▶ [Requirement]:
Reproduce the listing below in full and without alteration, apart from its pictures.

Start of Block

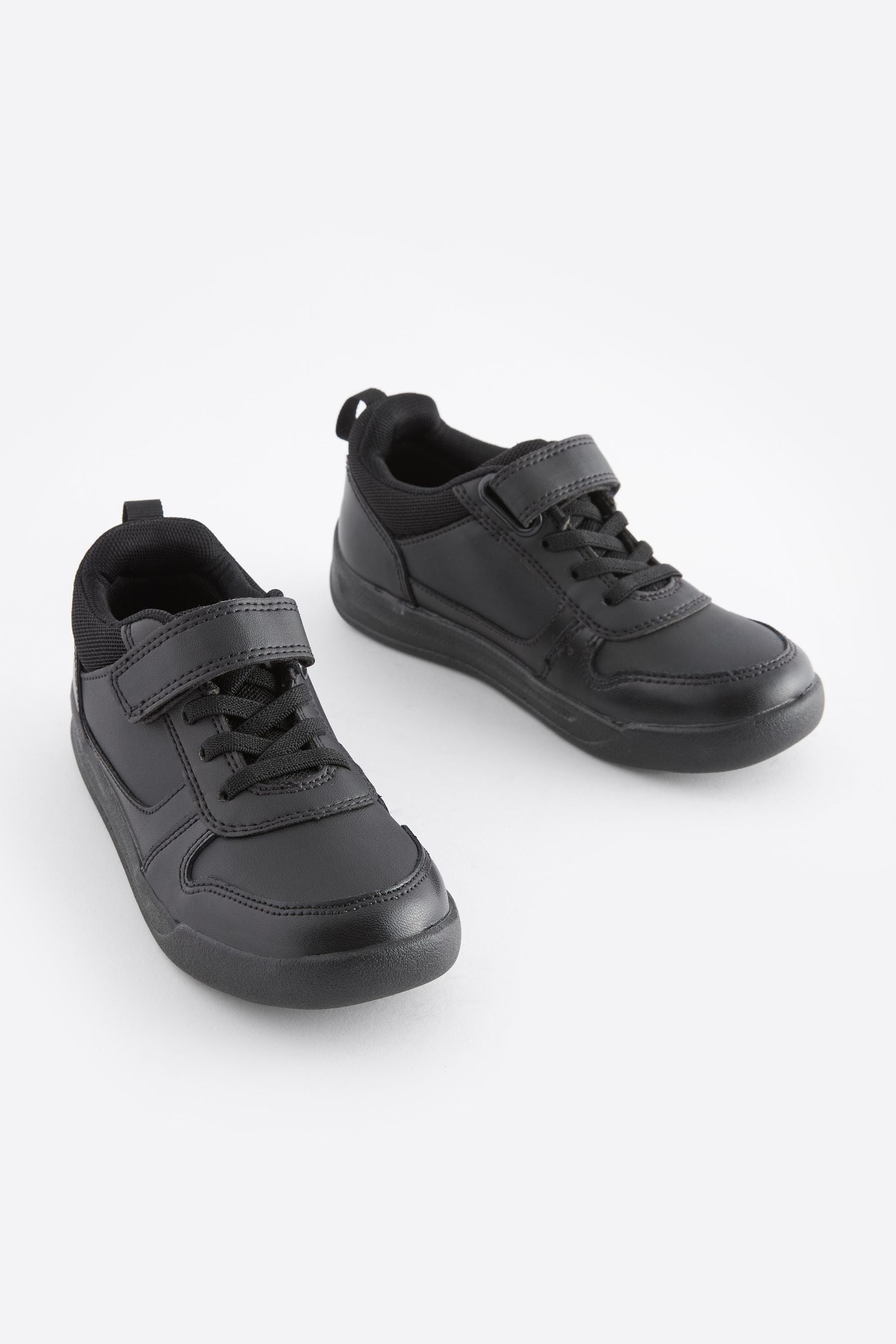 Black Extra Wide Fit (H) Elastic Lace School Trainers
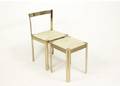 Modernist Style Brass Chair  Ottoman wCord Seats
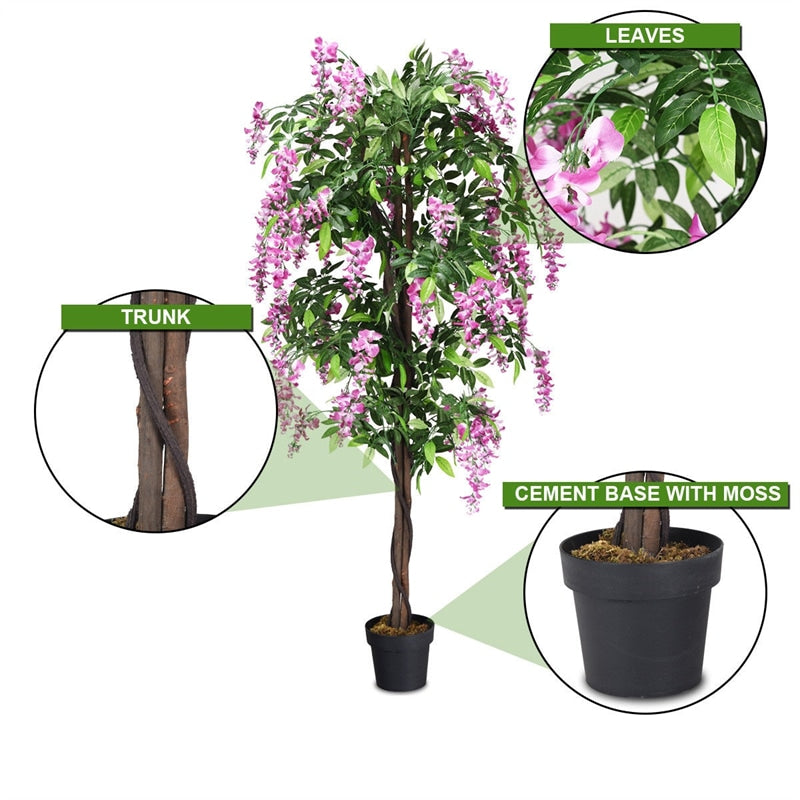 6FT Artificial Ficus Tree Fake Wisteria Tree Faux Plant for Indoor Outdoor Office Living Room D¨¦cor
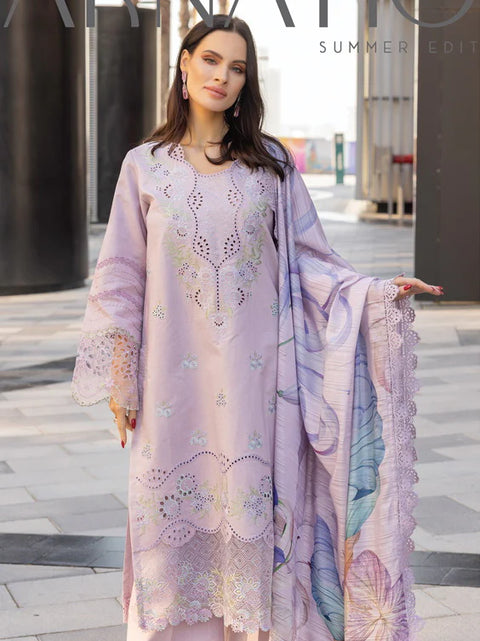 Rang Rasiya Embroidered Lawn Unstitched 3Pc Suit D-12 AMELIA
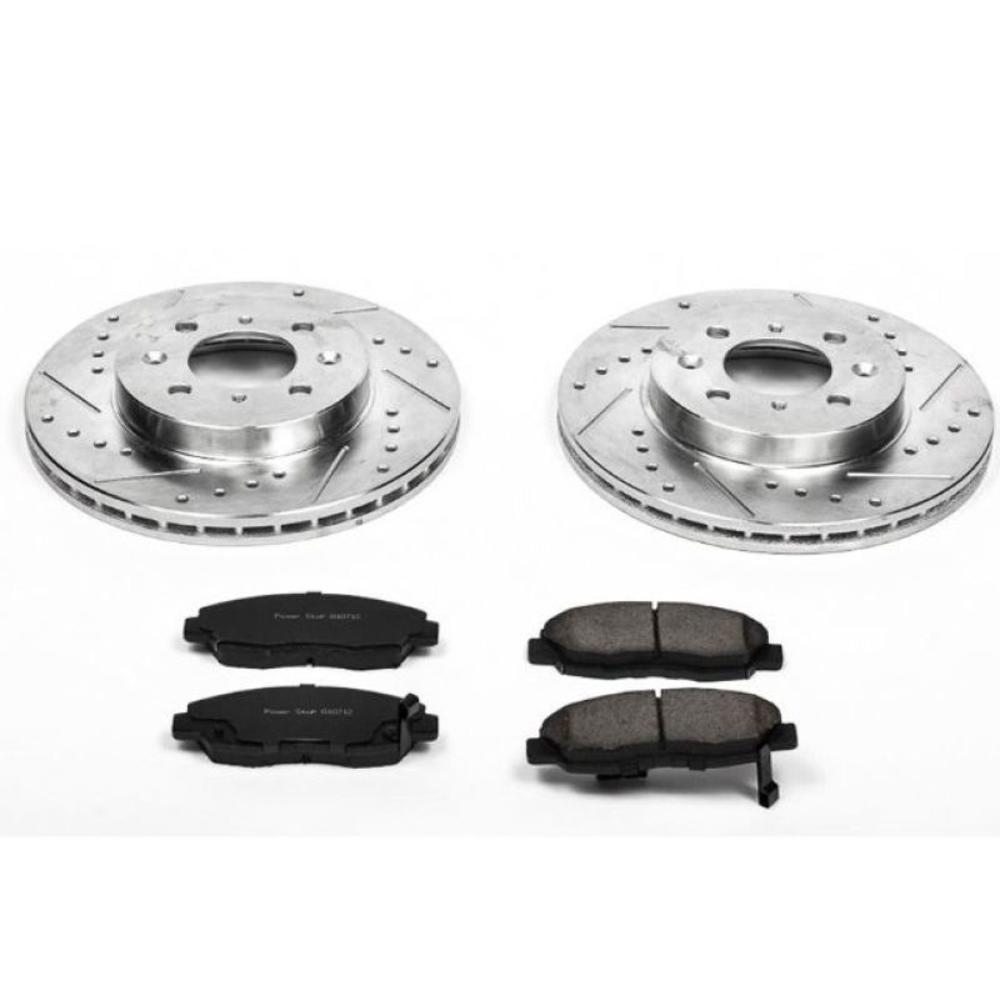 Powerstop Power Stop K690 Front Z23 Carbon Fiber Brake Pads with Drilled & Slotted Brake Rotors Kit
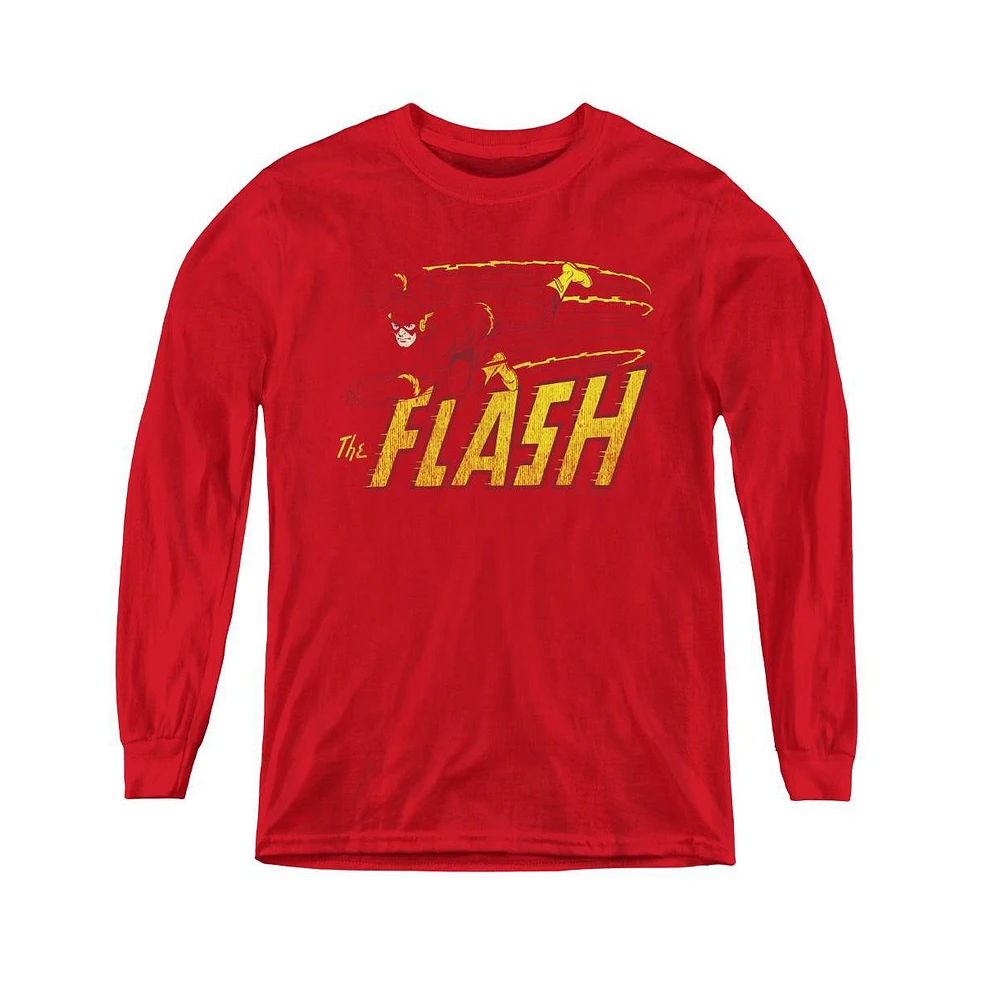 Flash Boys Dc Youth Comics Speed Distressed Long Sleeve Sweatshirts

End of Block

▶ [Finished task]:
 Black Extra Wide Fit (H) Elastic Lace School Trainers
 Modernist Style Brass Chair  Ottoman wCord Seats
 6FT Artificial Ficus Tree Fake Wisteria Tree Faux Plant for Indoor Outdoor Office Living Room D¨¦cor
 Rang Rasiya Embroidered Lawn Unstitched 3Pc Suit D-12 AMELIA
 Powerstop Power Stop K690 Front Z23 Carbon Fiber Brake Pads with Drilled & Slotted Brake Rotors Kit
 Flash Boys Dc Youth Comics Speed Distressed Long Sleeve Sweatshirts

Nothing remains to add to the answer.